His voice is trembling. He lets the words linger in the room between them. Note how he is already speaking in the past tense. We could have been. But we’re not.
However, Crowley admits that the possibility of them being an Us was there, hence the possibility of everything that being an Us means to him. It drips from his toungue, every moment and every feeling he connects to the sense of being an Us. You have to remember the feeling to voice it, even when you do it to say goodbye.
And I think – we’re getting to the essence of this post – I think what happens is that Crowley gets overwhelmed by his own words, or rather: by grabbing his feelings and putting them into words, by the implication of them as an Us and everything he imagined it would have been for them. And what it means to lose it.
And I don’t think he consciously decides to kiss Aziraphale. I don’t think he wanted to kiss him in the sense that he didn’t want to take this step and actually do it. He had already lost.
(We could have been us but we’re not.)
They are still too far away from each other.
(We’re not. But we could have been.)
Eventually, Aziraphale averts his gaze, and turns his head to the side.
And this! This is the moment Crowley steps forward! Let me emphasize it once again because I do believe it’s crucial to Crowley's change of heart.
Aziraphale looks away. And Crowley snaps.
He snaps like a rubber band you pull at for too long, like the clip of a ballpoint pen cap you push too hard upside. It’s not a conscious decision. It’s a reflex. Like closing an app on your phone and opening it again directly after. Like someone calling your name and you turn your head in the direction of the voice. You don’t think about it. It just happens.
And I think Aziraphale looking away was the last straw that held the rubber band in place. The last thing that kept Crowley from falling once again. I genuinely don’t believe he would have kissed Aziraphale if the latter had continued to look at him. Too scary, right? Too real. Too close.
So this is the second thing I mean when I say that Crowley didn’t want to kiss Aziraphale. Of course, he wanted to but he didn’t make a deliberate decision. He just … gave in.

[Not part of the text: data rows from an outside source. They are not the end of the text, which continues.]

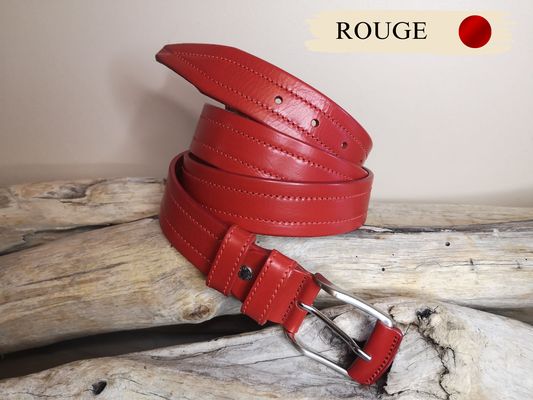 CEINTURES MIXTE EN CUIR DE 3.5CM AVEC COUTURES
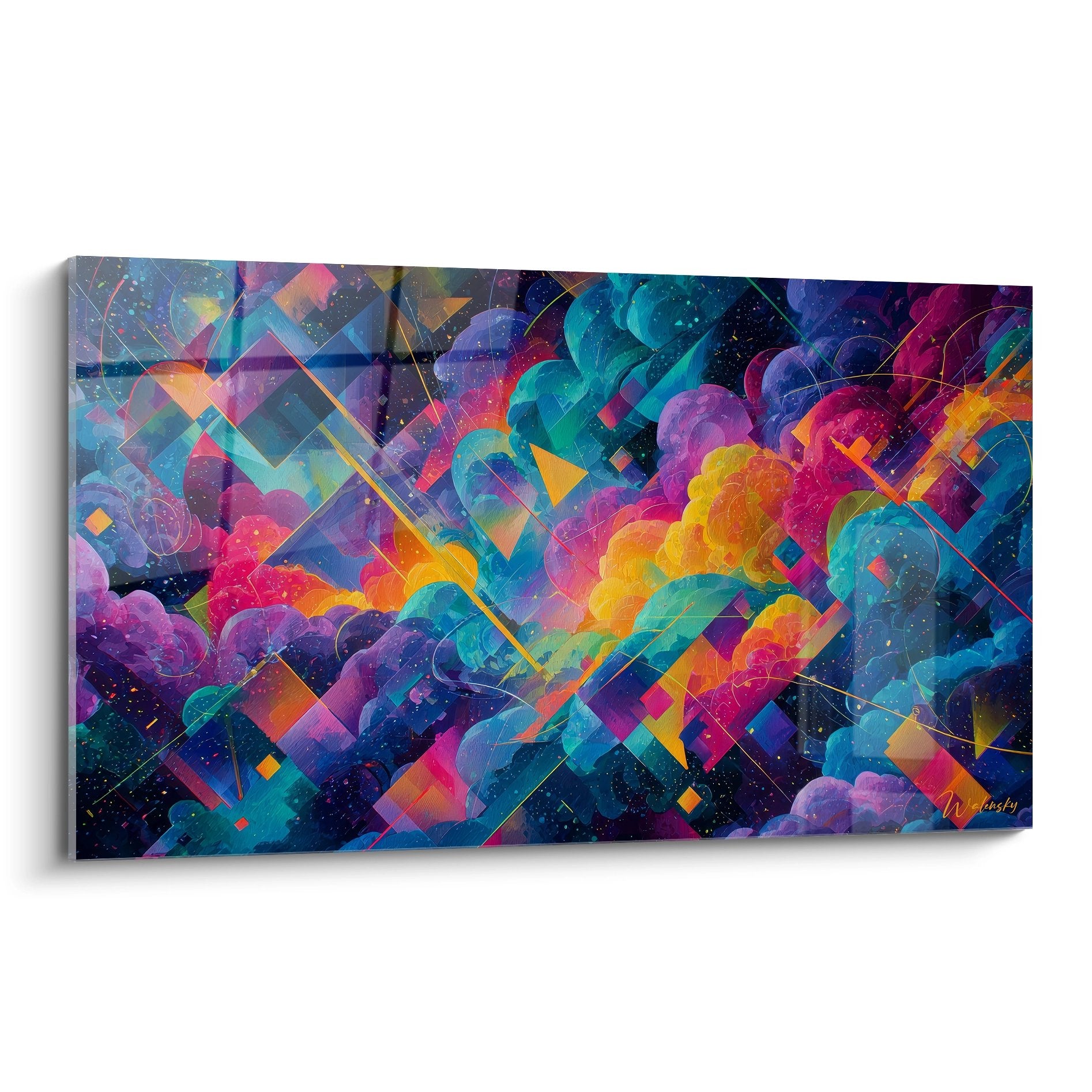 Tableau mural géométrique abstrait cosmos avec formes colorées et nuages cosmiques vibrants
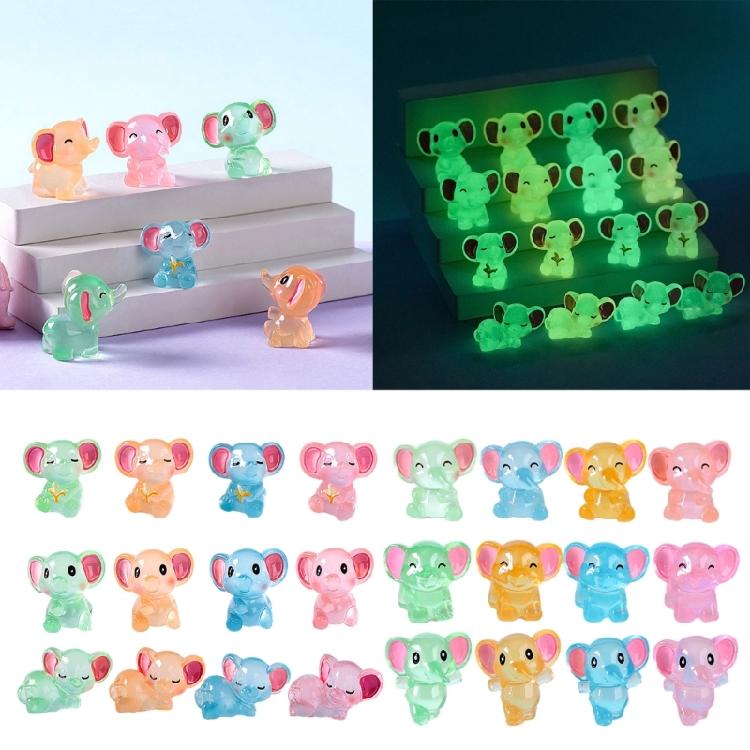 Resin Figurines Miniatures Elephant Glowing At Night Fairy Garden Decoration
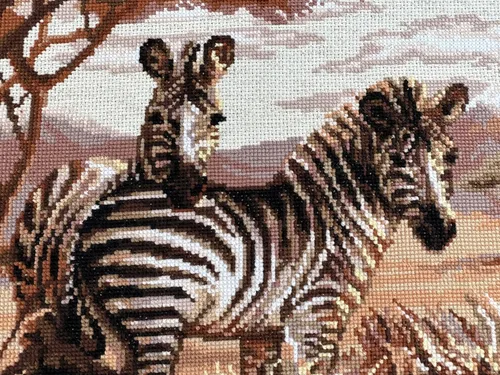 Miniatura 3 de RIOLIS - Zebras in the Savannah 1143, Kits de punto de cruz 15,75" x 11,81", Kits de punto de cruz para principiantes y avanzados, Kit de punto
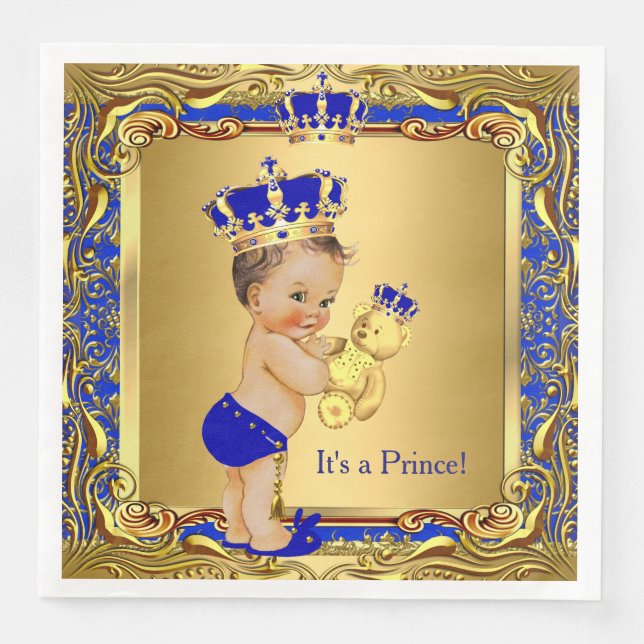 Royal Blue Prince Gold Crown Baby Shower Brunette Napkin (Front)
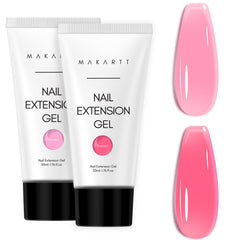 Makartt Gel Poly Ongles Kit Rose Transparent 50ml, base polyvalente.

And when he pulls away, he knows that everything between them has changed. He waits for Aziraphale’s reaction, everything about him is tense.
And if he dared to hope for anything at all, it surely wasn’t this.
Forgiveness.
"I forgive you."
I forgive you for giving in.
Don't bother.
So Crowley does what he wanted to do in the first place – and leaves.
He didn’t plan on kissing Aziraphale. He wanted to leave, maybe even to prevent this from happening. And when it happened, I don’t think it’s because of ulterior motives like changing Aziraphale’s mind or grabbing the opportunity as it presented itself to him.
I’m not saying these motives aren’t there – in fact, I pretty much believe so! I'm just saying that maybe he didn’t think about them when kissing Aziraphale and that he didn’t decide to kiss him because of that.
Maybe this is more than obvious to everyone else already and I'm stupidly rambling to myself. Also, I'm truly sorry if I overlooked another analysis of this.
I just don’t think there was time in Crowley’s head to reflect on any of his feelings.